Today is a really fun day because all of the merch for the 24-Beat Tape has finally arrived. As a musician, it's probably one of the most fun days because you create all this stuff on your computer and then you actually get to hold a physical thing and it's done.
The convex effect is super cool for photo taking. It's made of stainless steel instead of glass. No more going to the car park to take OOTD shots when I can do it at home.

━━━━━━━━━━━━━━━━━━━━

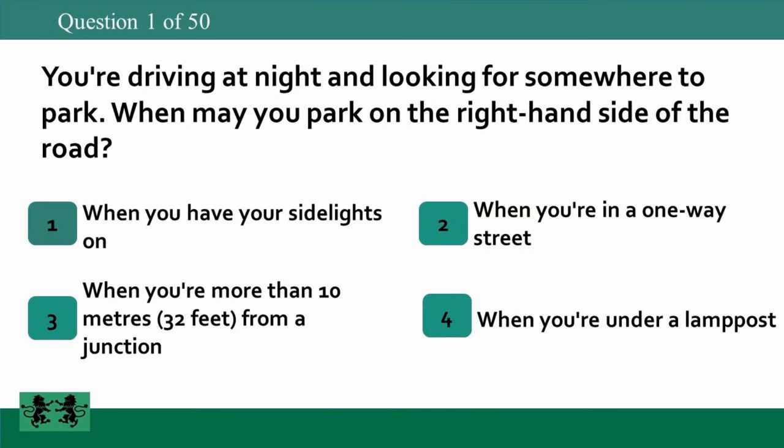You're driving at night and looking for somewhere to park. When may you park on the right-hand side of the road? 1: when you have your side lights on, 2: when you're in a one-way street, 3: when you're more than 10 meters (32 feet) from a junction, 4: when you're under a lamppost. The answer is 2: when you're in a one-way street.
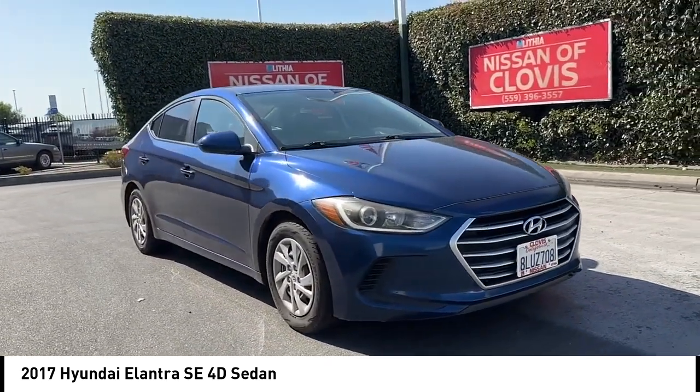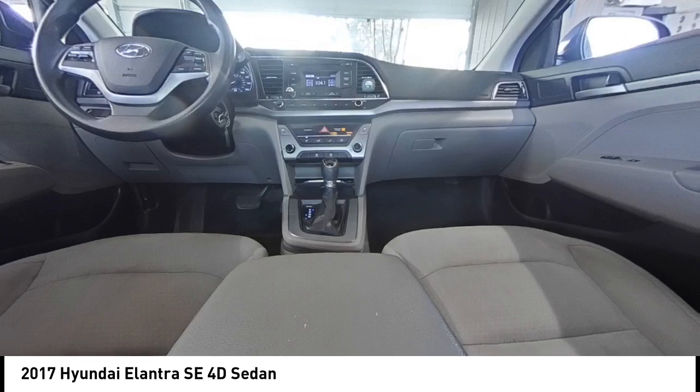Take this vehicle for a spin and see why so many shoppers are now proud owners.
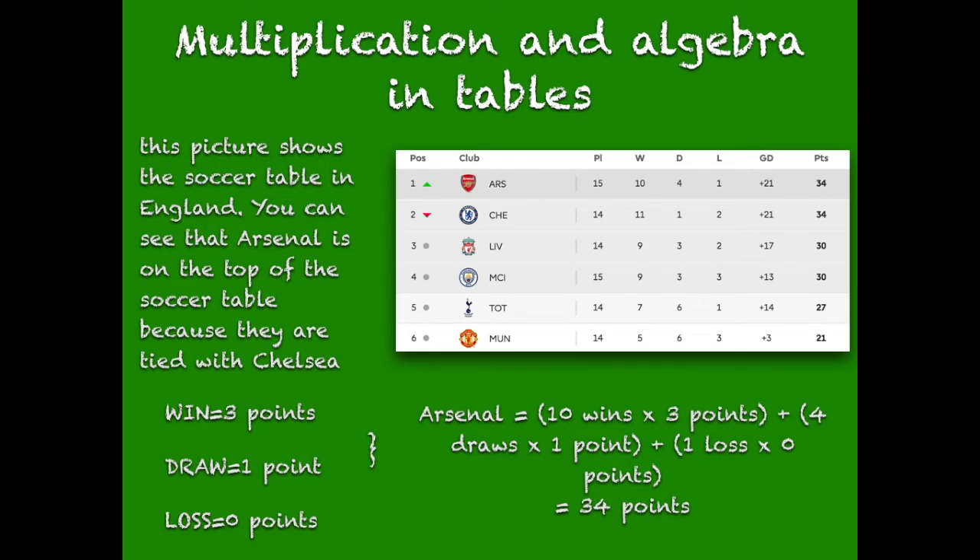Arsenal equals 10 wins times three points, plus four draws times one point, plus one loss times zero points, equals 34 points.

━━━━━━━━━━━━━━━━━━━━

EXERCISE » In the listing above, find the line containing "Today is a really" and the line containing "The convex effect", then quote both, plus every line between them, exactly as written.

EXPECTED ANSWER »
Today is a really fun day because all of the merch for the 24-Beat Tape has finally arrived. As a musician, it's probably one of the most fun days because you create all this stuff on your computer and then you actually get to hold a physical thing and it's done.
The convex effect is super cool for photo taking. It's made of stainless steel instead of glass. No more going to the car park to take OOTD shots when I can do it at home.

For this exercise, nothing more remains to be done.